McCracken publicly unveiled his nascent game for Glass for the first time in an Aug. 4 post on his Google+ page. He even posted a short video of the game's play on Instagram to show off his ideas. "I saw the opportunity," said McCracken, who said he is the lead game developer for Highland Games. "I literally told my bosses that I am going to be one of the first guys to make Glass games. I had no idea how powerful glass would be."

So far, the first level of the game is done, and he's offered it for free to every early Google Glass Explorer who is using the devices. "It's still very difficult to run the app because the operating system for Glass is still very limited," he said.

He had posted a description of the game on Tumblr, through Google+ and Twitter, and on a special Glass page available to early Explorers. "I'm getting about 50 emails a day asking for the game and about another 50 a day from people saying that they can't install it. You need developer tools to install it."

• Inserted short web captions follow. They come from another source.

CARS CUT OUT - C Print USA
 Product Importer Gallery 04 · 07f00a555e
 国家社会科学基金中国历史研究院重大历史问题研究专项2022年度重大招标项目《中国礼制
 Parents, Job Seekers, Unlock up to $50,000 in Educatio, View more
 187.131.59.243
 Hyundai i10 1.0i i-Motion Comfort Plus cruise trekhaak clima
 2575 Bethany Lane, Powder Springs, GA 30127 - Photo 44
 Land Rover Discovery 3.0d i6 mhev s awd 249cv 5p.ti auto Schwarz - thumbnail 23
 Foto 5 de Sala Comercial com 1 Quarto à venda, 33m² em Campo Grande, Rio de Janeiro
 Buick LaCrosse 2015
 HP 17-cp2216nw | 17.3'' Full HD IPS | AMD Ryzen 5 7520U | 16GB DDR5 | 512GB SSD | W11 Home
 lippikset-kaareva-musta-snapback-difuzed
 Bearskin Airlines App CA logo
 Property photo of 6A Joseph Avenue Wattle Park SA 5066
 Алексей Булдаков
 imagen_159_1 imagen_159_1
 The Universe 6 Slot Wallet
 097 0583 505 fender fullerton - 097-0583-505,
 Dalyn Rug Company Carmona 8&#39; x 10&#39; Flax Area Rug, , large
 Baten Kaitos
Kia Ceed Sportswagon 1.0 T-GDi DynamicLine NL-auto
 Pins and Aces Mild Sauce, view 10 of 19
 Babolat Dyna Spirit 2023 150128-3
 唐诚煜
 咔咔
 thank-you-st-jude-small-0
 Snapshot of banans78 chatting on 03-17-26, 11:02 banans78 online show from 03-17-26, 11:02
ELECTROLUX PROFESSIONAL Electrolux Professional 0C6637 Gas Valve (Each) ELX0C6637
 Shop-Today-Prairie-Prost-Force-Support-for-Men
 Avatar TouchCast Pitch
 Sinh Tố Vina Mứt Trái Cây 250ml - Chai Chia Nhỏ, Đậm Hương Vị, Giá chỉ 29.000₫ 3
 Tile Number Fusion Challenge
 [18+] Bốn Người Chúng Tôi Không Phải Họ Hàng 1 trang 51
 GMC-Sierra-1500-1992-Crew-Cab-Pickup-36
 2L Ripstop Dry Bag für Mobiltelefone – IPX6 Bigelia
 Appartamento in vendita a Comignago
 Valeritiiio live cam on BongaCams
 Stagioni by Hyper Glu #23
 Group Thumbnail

McCracken said his plans for the game call for three levels that he's planned out so far, which will include various features using the gyroscope and different design options for each level. "I don't want to give too many details," he added.

"This has been one of the hardest games I've ever made," he said. "Luckily, I have the background in making gyro-only games, and I've done a lot of augmented reality projects for different companies."

He's looking forward to continuing the game's development in the future, particularly by adding touch commands, he said. With a friend, he is also developing a Glass controller using an Android phone that mimics a traditional video game controller so that Glass games can get more typical controls.

Google Glass has been a topic of conversation among techies since news of it first arrived in 2012. The first Google Glass units began shipping in April 2013 to developers who signed up at the June 2012 Google I/O conference to buy an early set for $1,500 for testing and development, where it was the hit of the conference. 

In February 2013, Google expanded its nascent test project for its Glass eyewear-mounted computer by inviting interested applicants to submit #ifihadglass proposals for a chance to buy an early model and become part of its continuing development. In March, Google also began notifying a pool of applicants who were selected to purchase the first 8,000 sets of Google Glass when they become available for real-world use and testing later this year by consumers.

Each Google Glass device includes adjustable nose pads and a high-resolution display that Google said is the equivalent of a 25-inch high-definition screen from 8 feet away. The glasses also feature a built-in camera that takes 5-megapixel photos and video at 720p. Audio is delivered to wearers through their bones, using bone-conduction transducers.